Oracle recommends that you optimize the use of FILTER_LIST to reduce the runtime cost. For example, rather than adding two ParamName variations ("User Password" and "userPassword"), you could use only one. Using "Password" as the ParamName masks values for "User Password", "userPassword", and other words that end with "Password". Also, instead of including both "Home Phone" and "homePhone" in FILTER_LIST, you could use only "Phone".

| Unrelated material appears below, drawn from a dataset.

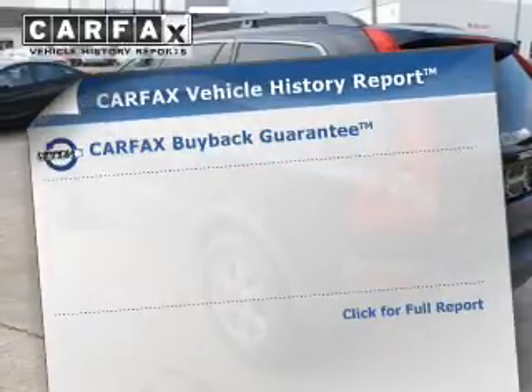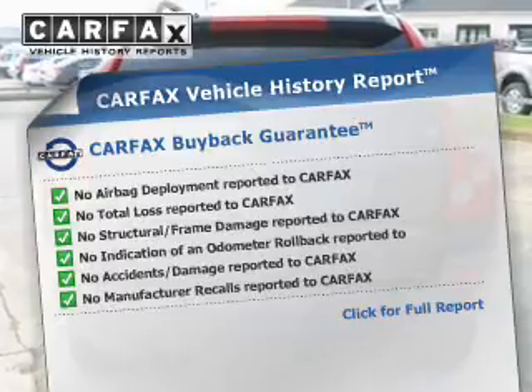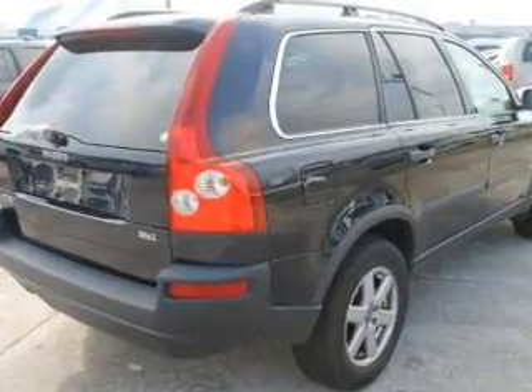Rest easy knowing this vehicle comes with a Carfax Vehicle History Report from Carfax, the most trusted provider of vehicle history information. Great quality at a great price. Call or click to contact us today.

To add sensitive attributes to the filter list

  1. Open the log configuration file in a text editor:

    Webgate_install_dir\identity|access\oblix\config\oblog_config_wg.xml

  2. In oblog_config_wg.xml:

    1. Confirm that secure logging is active. For example:

      <SimpleList> 
         <NameValPair  
            ParamName="SECURE_LOGGING"
            Value="On"></NameValPair> 
      </SimpleList>
      
    2. Locate the FILTER_LIST parameter at the end of the file. For example:

      <ValNameList xmlns="http://www.oblix.com" ListName="FILTER_LIST">
             <NameValPair ParamName="password" Value="40" />
             <NameValPair ParamName="Password" Value="40" />
             <NameValPair ParamName="response" Value="40" />
             <NameValPair ParamName="Response" Value="40" />
          </ValNameList>
      
    3. Add the display name to mask and the value for the mask length, then add the attribute and the value for the mask length. For example:

      <NameValPair ParamName="Home Phone" Value="300" />
             <NameValPair ParamName="homePhone" Value="300" />
      

      Note:

      For testing, set the LOG_THRESHOLD_LEVEL and LOG_SECURITY_THRESHOLD_LEVEL to TRACE. See Step 6a.

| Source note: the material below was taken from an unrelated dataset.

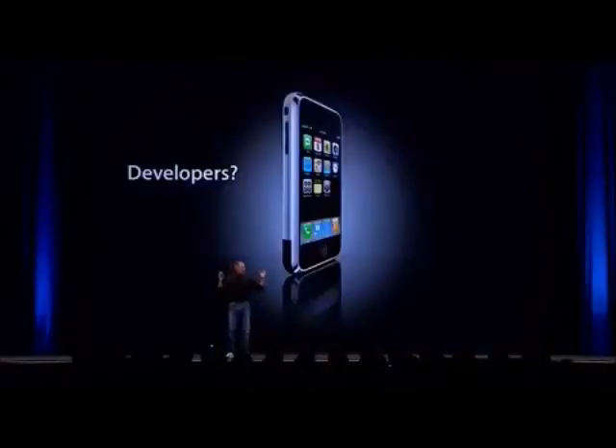What about developers? We have been trying to come up with a solution to expand the capabilities of iPhone by letting developers write great apps for it, and yet keep the iPhone reliable and secure. And we've come up with a very sweet solution — let me tell you about it.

    4. Confirm that LOG_THRESHOLD_LEVEL and LOG_SECURITY_THRESHOLD_LEVEL are at the same level or are consistent with each other, as described in Table 24-4. For example:

      <SimpleList> 
         <NameValPair ParamName="LOG_THRESHOLD_LEVEL" Value="LOGLEVEL_WARNING" /> 
      </SimpleList>
      ...
      <SimpleList> 
         <NameValPair ParamName="LOG_SECURITY_THRESHOLD_LEVEL" Value="LOGLEVEL_
         WARNING" />
      </SimpleList>
      
    5. Save the oblog_config_wg.xml file.

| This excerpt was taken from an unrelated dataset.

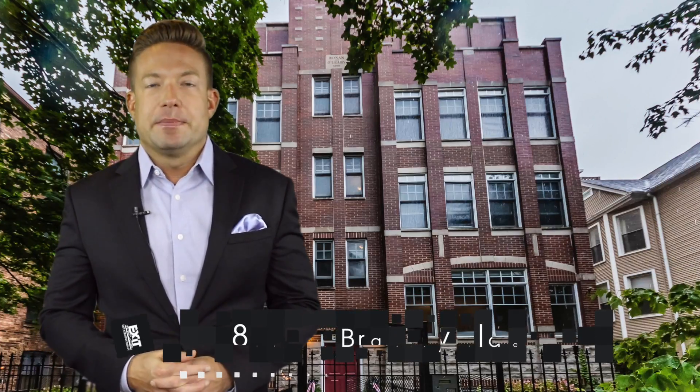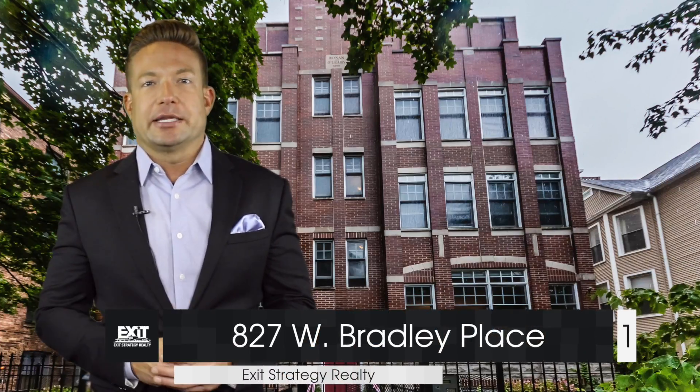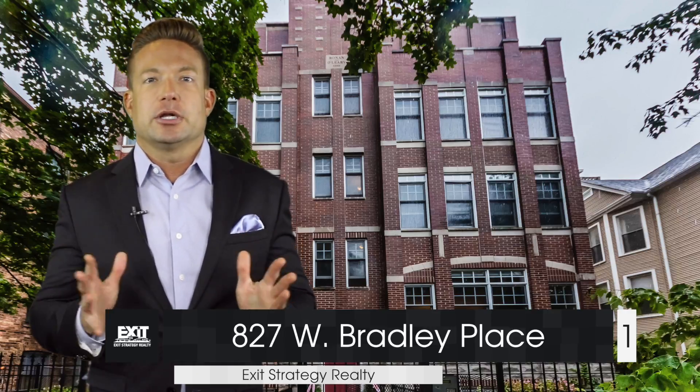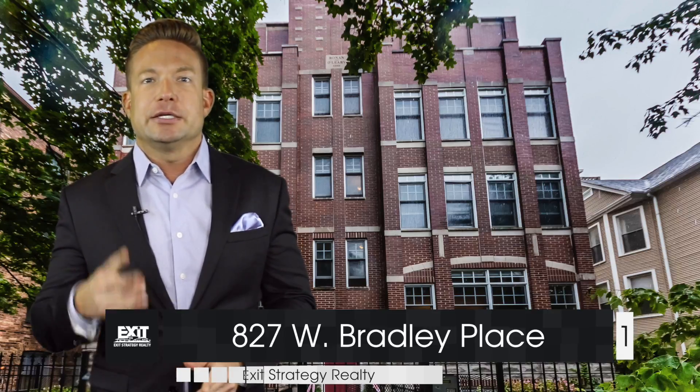Hi everyone, Nick Liebert with Exit Realty. Behind me we have 827 West Bradley Place, an absolutely fantastic three-bed, two-bath with some of the largest room sizes I've seen and two parking spaces included in the price.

  3. Filtering User Password: Perform the following steps and see "The Filter List":

    In the filter list in oblog_config_wg.xml, add the User Password display name and the corresponding attribute, and set the mask length for each. For example:

    <ValNameList xmlns="http://www.oblix.com" ListName="FILTER_LIST">
          ...
           <NameValPair ParamName="User Password" Value="40" />
           <NameValPair ParamName="userPassword" Value="40" />
        </ValNameList>
    
  4. Test secure logging and filtering of sensitive information as follows:

    1. In the oblog_config_wg.xml file, set the LOG_THRESHOLD_LEVEL and LOG_SECURITY_THRESHOLD_LEVEL to TRACE:

      <NameValPair ParamName="LOG_THRESHOLD_LEVEL" Value="LOGLEVEL_TRACE" /> 
      ...
         <NameValPair ParamName="LOG_SECURITY_THRESHOLD_LEVEL" Value="LOGLEVEL_
         TRACE" />
      
    2. Perform a task that involves the component for which you have configured secure logging. For example:

      Access a resource

      View or modify the value of the attribute in the user's profile: Home Phone (if the filtered attribute is homePhone).

    3. Check the oblog and confirm that the filtered attribute value is masked by a string like ***********.

      Webgate_install_dir/access/oblix/log/oblog.log

    4. In the oblog_config_wg.xml file, reset the LOG_THRESHOLD_LEVEL and LOG_SECURITY_THRESHOLD_LEVEL to the desired level for your enterprise.

    5. Adjust the mask length of filtered attributes if needed in the oblog_config_wg.xml file. For example:

      <NameValPair ParamName="Home Phone" Value="340" />
          <NameValPair ParamName="homePhone" Value="340"/>
      
  5. Repeat Steps 1 through 6 for each component in your deployment with one or more masked attributes.